D_KL(P || Q) ≥ 0 always (Gibbs’ inequality)
D_KL(P || Q) = 0 iff P = Q
Not symmetric: D_KL(P || Q) ≠ D_KL(Q || P) in general

KL divergence is not a distance — the asymmetry means it doesn’t satisfy the triangle inequality. But it measures “how surprised you’d be if you expected Q but got P.”

Cross-Entropy

The cross-entropy of Q relative to P:

H(P, Q) = −Σ P(x) log₂ Q(x)
         = H(P) + D_KL(P || Q)

Cross-entropy = entropy of P + KL divergence from P to Q.

When P is the true distribution and Q is your model:

H(P) is irreducible — the inherent uncertainty
D_KL(P || Q) is the extra cost from your model being wrong

Cross-entropy loss in machine learning: during classification, minimising cross-entropy between the true label distribution P and the model’s predicted distribution Q is equivalent to minimising KL divergence — making the model’s predictions as close to the true distribution as possible.

Loss = −Σ yᵢ log(ŷᵢ)

For a one-hot true label (one class is certain), this simplifies to −log(ŷ_true) — the negative log probability of the correct class.
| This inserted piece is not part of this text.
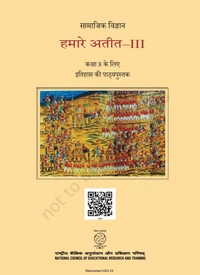 8th Class Rbse/Ncert Itihas Book Hamare Atit -III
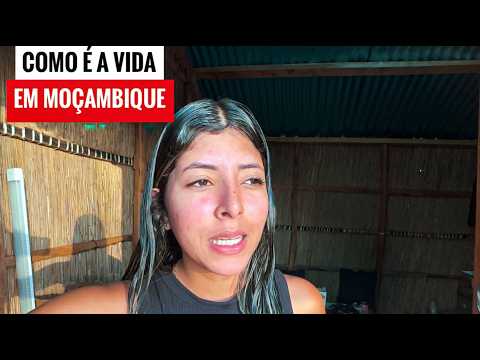 WHAT LIFE IS LIKE FOR A BRAZILIAN IN MOZAMBIQUE, AFRICA!🇧🇷🇲🇿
Maximising the probability of correct predictions = minimising cross-entropy.

Channel Capacity

Shannon’s channel coding theorem: every noisy communication channel has a capacity C (bits per second). You can send information at any rate below C with arbitrarily low error (by using smart encoding). Above C, errors are unavoidable.

C = B log₂(1 + S/N)

Where B = bandwidth, S/N = signal-to-noise ratio. This is the Shannon-Hartley theorem — it sets hard limits on any communication system: telephone, Wi-Fi, 5G.

Why Entropy Appears Everywhere

Thermodynamics: Boltzmann’s entropy formula S = k log W is the same mathematical structure. Physical entropy and information entropy are deeply related — Maxwell’s demon (a thought experiment about using information to violate the second law) is resolved by recognising that erasing information costs physical entropy.

Language models: a language model’s perplexity is 2^H, where H is the cross-entropy of the model’s predictions against actual text. Lower perplexity = lower entropy = better predictions = more compression. GPT’s training objective (next-token prediction) is entropy minimisation.

Decision trees: information gain — the reduction in entropy when splitting on a feature — is the criterion for choosing which feature to split on. ID3, C4.5, and variants all use entropy directly.

Neuroscience: the brain may be an efficient encoder, minimising the bits needed to represent the sensory world — efficient coding hypothesis.

Information theory is the mathematics of uncertainty and communication. Shannon built a framework in 1948 that now underlies virtually everything digital.